After triggering the great recession through the subprime mortgage crisis eight years ago, the housing market has roared back to life.
And as Wall Street takes stock of the economy in the first half as we head into the second, many economists are convinced that the housing market is the strongest it's been in years. Moreover, economists think this will be the catalyst that powers the economy going forward.
In a note last month, Morgan Stanley economists including Vishwanath Tirupattur wrote:
"Despite a weak first quarter on several fronts of the US economy, the housing sector has been a source of relative strength. In our view, the US housing sector is poised to accelerate into the spring, a traditionally strong period for housing."
And in a note on Wednesday, the same team wrote, "May was arguably the most positive month for housing data in quite some time, and Monday’s construction spending print was the cherry on top."

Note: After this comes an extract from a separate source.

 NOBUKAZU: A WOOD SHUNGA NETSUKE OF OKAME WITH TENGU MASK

The raft of housing data that dropped last month mostly beat economists' expectations and confirmed their outlook for 2015.
Let's run through Morgan Stanley's assessment of the main data points on the housing market year-to-date:
- Existing home sales are picking up steam, 6.6% higher for the first three months of this year than the first quarter of 2014. Morgan Stanley notes that all regions of the country have seen growth.

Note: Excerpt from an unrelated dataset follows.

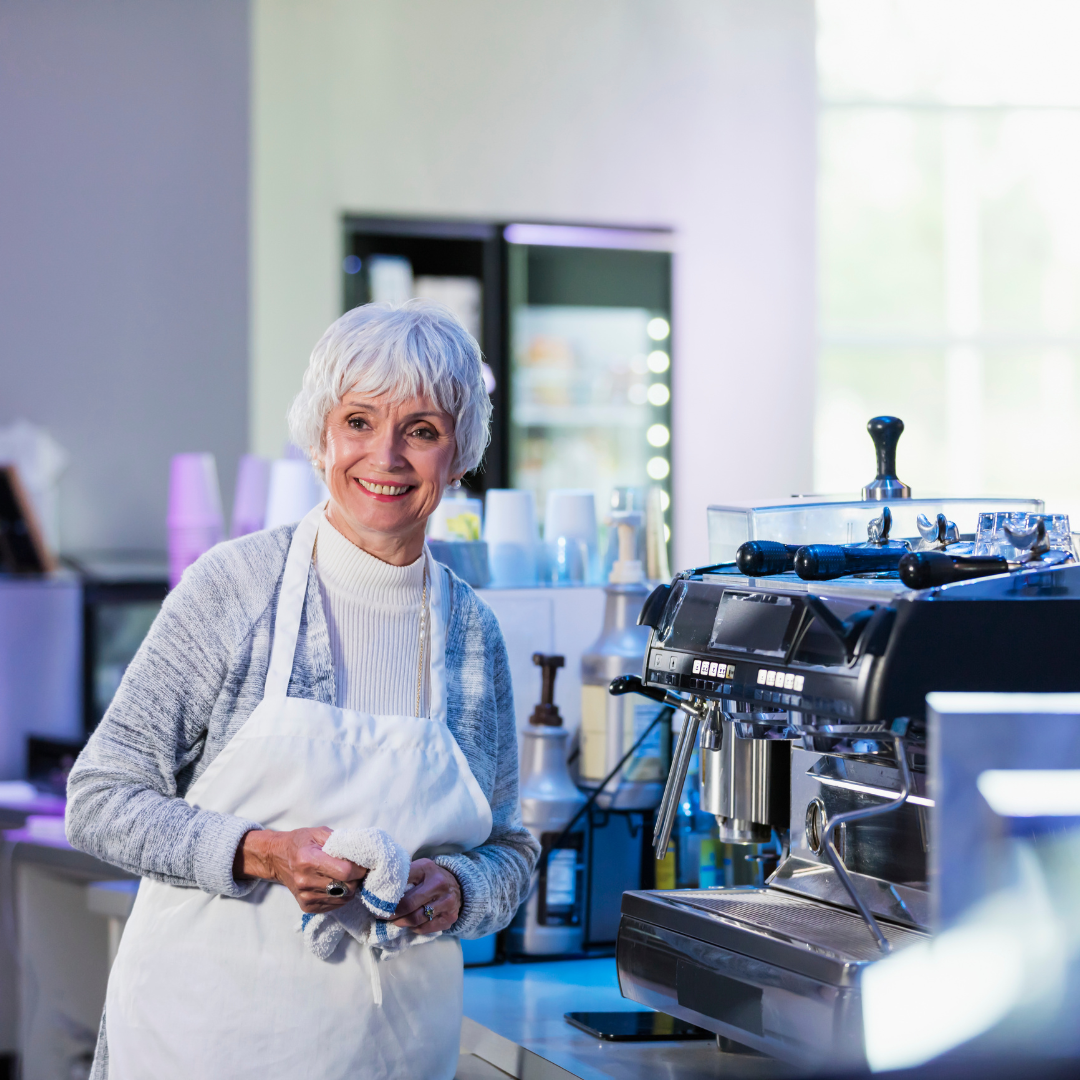 An older woman with short gray hair, wearing a white apron and sweater, smiles while standing beside a commercial coffee machine in a brightly lit café.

- New home sales have seen "impressive gains," outpacing growth over the past two years. Also, they are well below their average levels as the housing bubble formed in the years leading up to 2007.
- Home prices have risen in the first half of the year. Combining the indexes that measure prices, Morgan Stanley estimates growth of between 4.1% and 6.8%.
- Starts and permits are just slightly higher for the quarter compared to the same period last year (+3.9%). However, the index of building permits, a combination of the tally of permits for new construction and renovations, is up 8%.
All this comes in a year when economic data has largely missed expectations, the economy contracted in the first quarter, and some experts were on the verge of mentioning the dreaded word: "recession."
But the performance of the housing market in the first quarter has economists psyched about the rest of the year.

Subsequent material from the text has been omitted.